Power analysis of a typical psychology experiment

Understanding statistical power is essential if you want to avoid wasting your time in psychology. The power of an experiment is its sensitivity – the likelihood that, if the effect tested for is real, your experiment will be able to detect it.

Statistical power is determined by the type of statistical test you are doing, the number of people you test and the effect size. The effect size is, in turn, determined by the reliability of the thing you are measuring, and how much it is pushed around by whatever you are manipulating.

Since it is a common test, I’ve been doing a power analysis for a two-sample (two-sided) t-test, for small, medium and large effects (as conventionally defined). The results should worry you.

This graph shows you how many people you need in each group for your test to have 80% power (a standard desirable level of power – meaning that if your effect is real you’ve an 80% chance of detecting it).

Things to note:

even for a large (0.8) effect you need close to 30 people (total n = 60) to have 80% power
for a medium effect (0.5) this is more like 70 people (total n = 140)
the required sample size increases drammatically as effect size drops
for small effects, the sample required for 80% is around 400 in each group (total n = 800).

What this means is that if you don’t have a large effect, studies with between groups analysis and an n of less than 60 aren’t worth running. Even if you are studying a real phenomenon you aren’t using a statistical lens with enough sensitivity to be able to tell. You’ll get to the end and won’t know if the phenomenon you are looking for isn’t real or if you just got unlucky with who you tested.

Implications for anyone planning an experiment:

Is your effect very strong? If so, you may rely on a smaller sample (For illustrative purposes the effect size of male-female heigh difference is ~1.7, so large enough to detect with small sample. But if your effect is this obvious, why do you need an experiment?)
You really should prefer within-sample analysis, whenever possible (power analysis of this left as an exercise)
You can get away with smaller samples if you make your measure more reliable, or if you make your manipulation more impactful. Both of these will increase your effect size, the first by narrowing the variance within each group, the second by increasing the distance between them

Technical note: I did this cribbing code from Rob Kabacoff’s helpful page on power analysis. Code for the graph shown here is here. I use and recommend Rstudio.

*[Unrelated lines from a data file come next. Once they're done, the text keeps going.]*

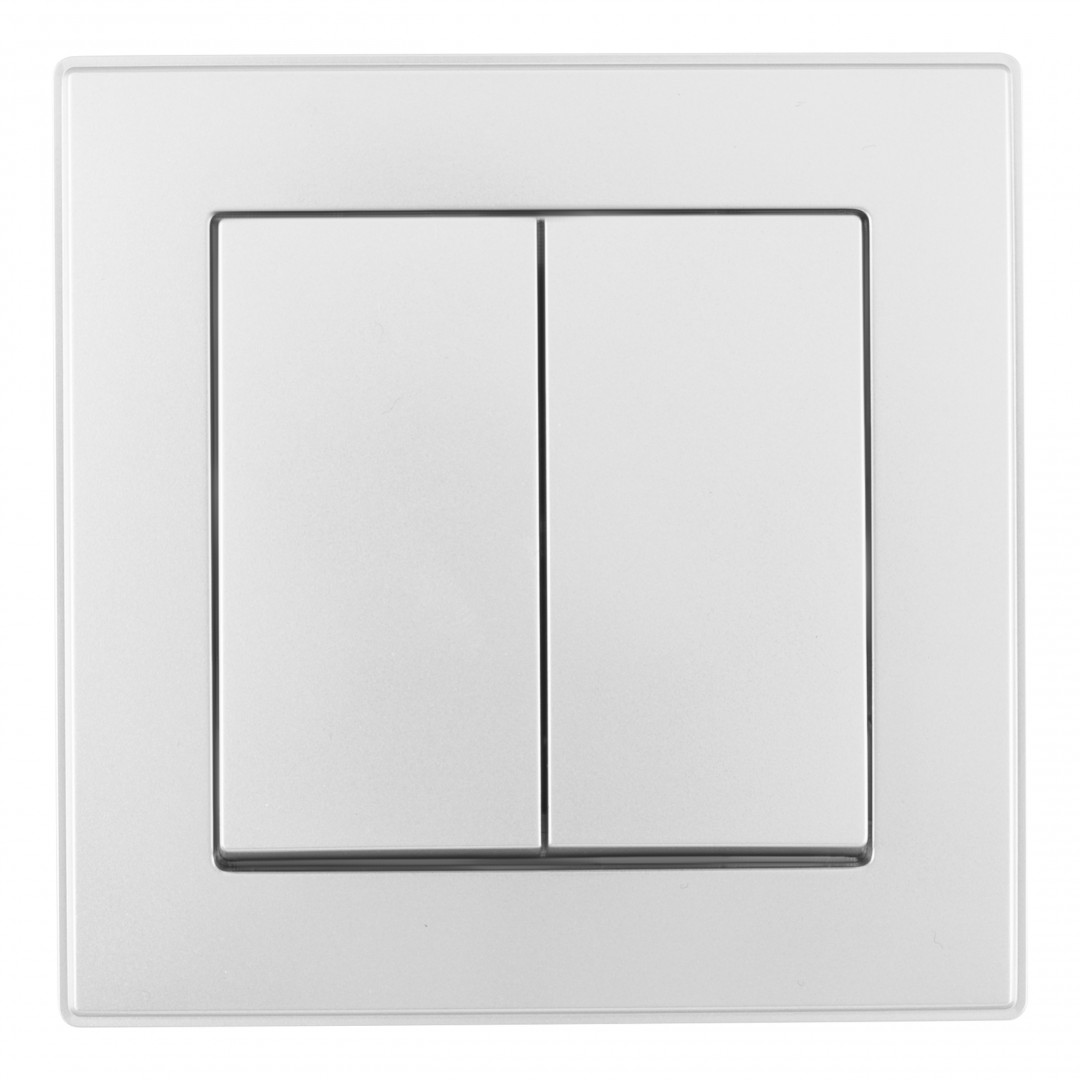 Выключатель двухклавишный Arte Milano SET06-1-30-2 silver в Санкт-Петербурге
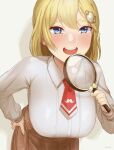  1girl bangs blonde_hair blue_eyes breasts brown_skirt collared_shirt commentary detective english_commentary eyebrows_visible_through_hair hair_ornament hand_on_hip highres holding holding_magnifying_glass hololive hololive_english kirinkirin large_breasts leaning_forward long_sleeves looking_at_viewer magnifying_glass monocle_hair_ornament mustache_print necktie open_mouth print_necktie red_necktie round_teeth shirt short_necktie skirt smile solo teeth upper_teeth virtual_youtuber watson_amelia white_shirt 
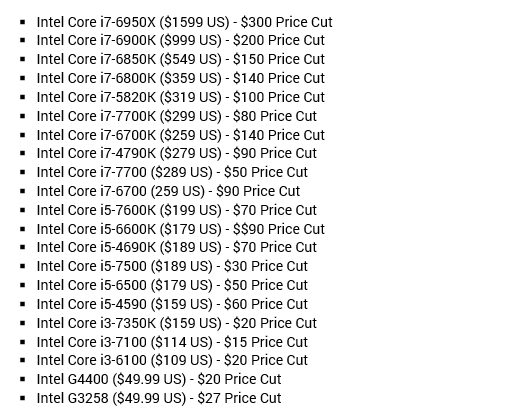 intel Intel เตรียมรับมือการมาของ AMD RYZEN ประกาศลดราคาแทบทุกรุ่น 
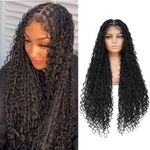 Humistwbiu Bohemian Braided Wigs Boho Box Braid Wigs Knotless Goddess Locs Wigs with Curly Ends Double Full Lace Square Synthetic Braided Wigs with Baby Hair for Woman Natural Black 32 Inch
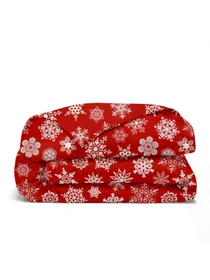Дитяча постільна білизна в ліжечко WINTER Cosas модель SnowflakesWhiteRed_RoseLight30_140 Фото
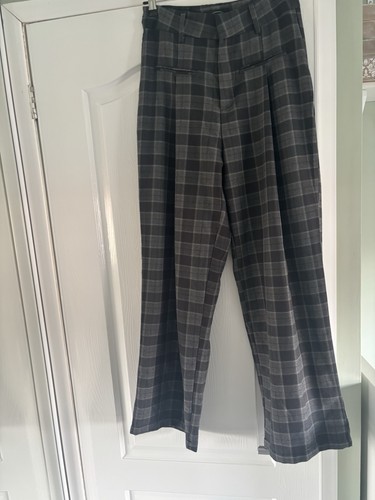 Cider check wide leg trousers - leg,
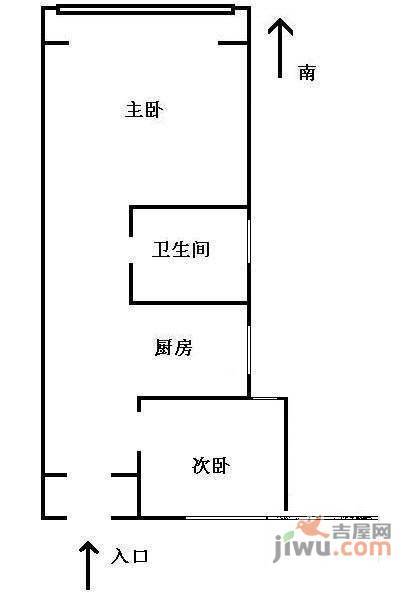 泗塘五村2室1厅1卫63㎡户型图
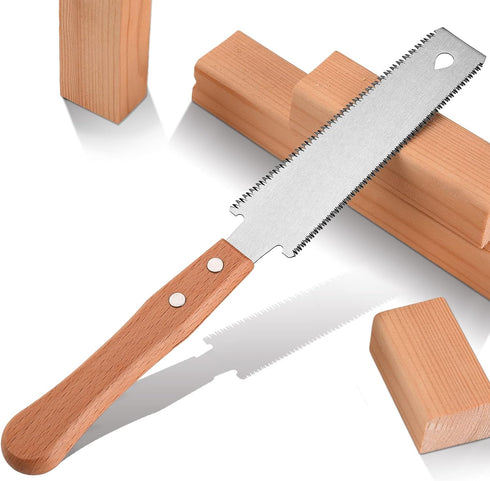 Small Woodworking Hand Saw, 6 inch Flexible Blade Double edge TPI 17/11 Pull Saw for Craft, Hobby, DIY, Non Slip Wood Handle Garden Trim Saw, Shar...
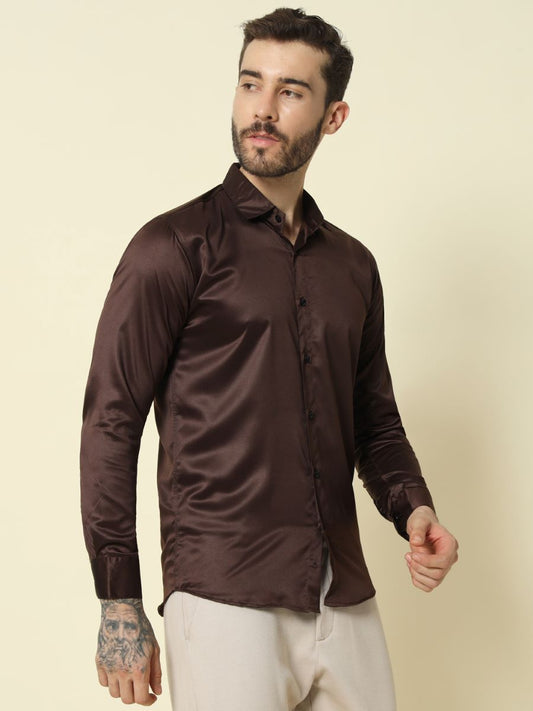 Solid Shiny Solid Dark Brown Shirt For Men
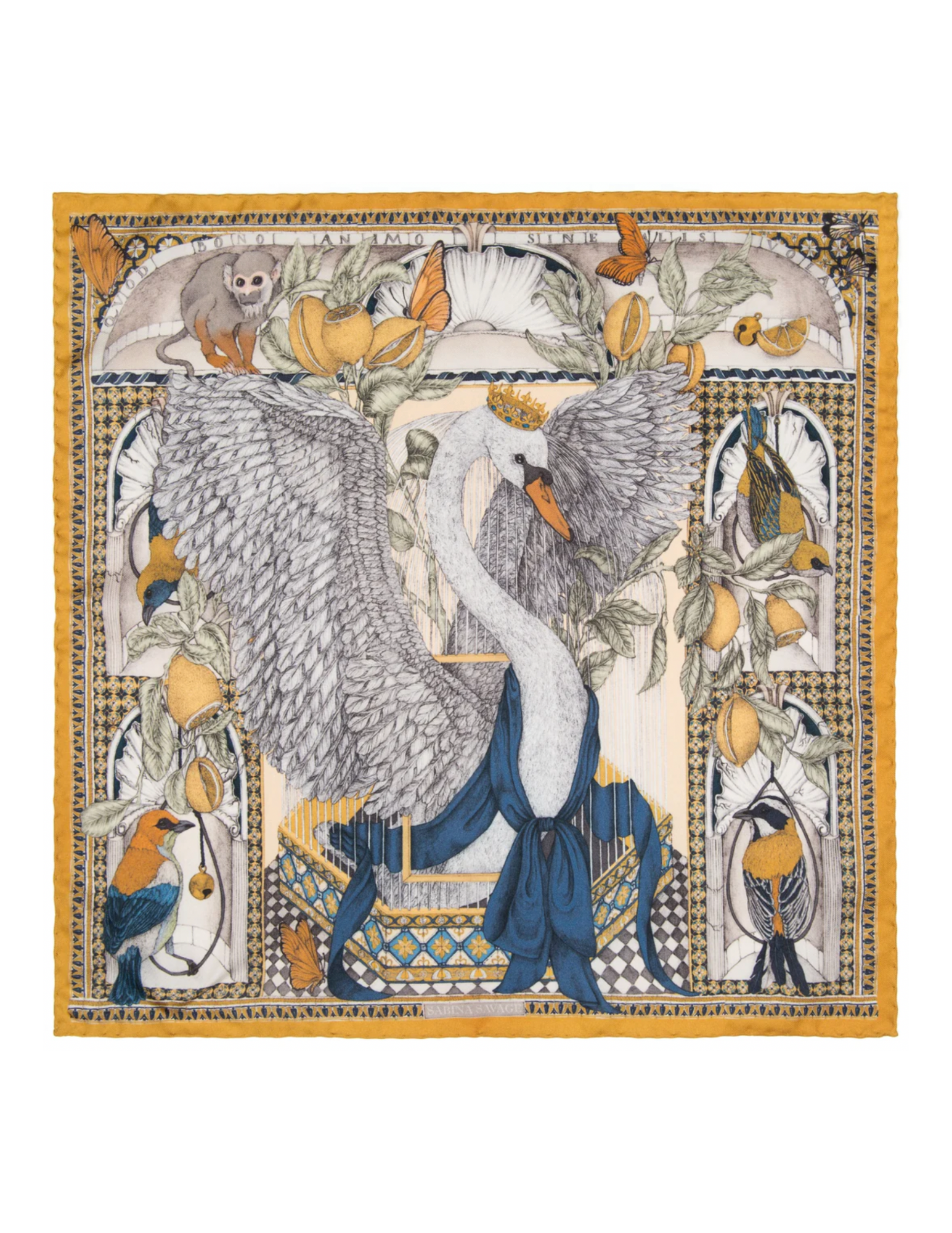 135x135 Large Silk Scarf-Aviarium Maria-Lemon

Cross-posted from www.tomstafford.staff.shef.ac.uk where I irregularly blog things I think will be useful for undergraduate Psychology students.

3 thoughts on “Power analysis of a typical psychology experiment”

Pingback: Four short links: 22 June 2015 - O'Reilly Radar

Within samples analysis don’t always increase power (if you subtract baseline rather than controlling for it) http://datacolada.org/2015/06/22/39-power-naps-when-do-within-subject-comparisons-help-vs-hurt-yes-hurt-power/

I’ve always liked this graphic from Andrew Gelman on “power = .06”.

http://andrewgelman.com/2014/11/17/power-06-looks-like-get-used/

The scary thing is that, in small studies, if you DO find a result, your point estimate is almost certainly an over-estimate of the actual effect (see the “exaggeration ratio” part of the linked paper on the Gelman post).

Just between you and me: small sample experiments are like doing empiricism with the jake leg: https://mindhacks.com/2011/06/30/the-ginger-jake-poisonings/

I was actually gonna post the link to that Simonsohn post, but since you beat me to it, this just became an excuse to say thanks again for teaching me what the jake leg was.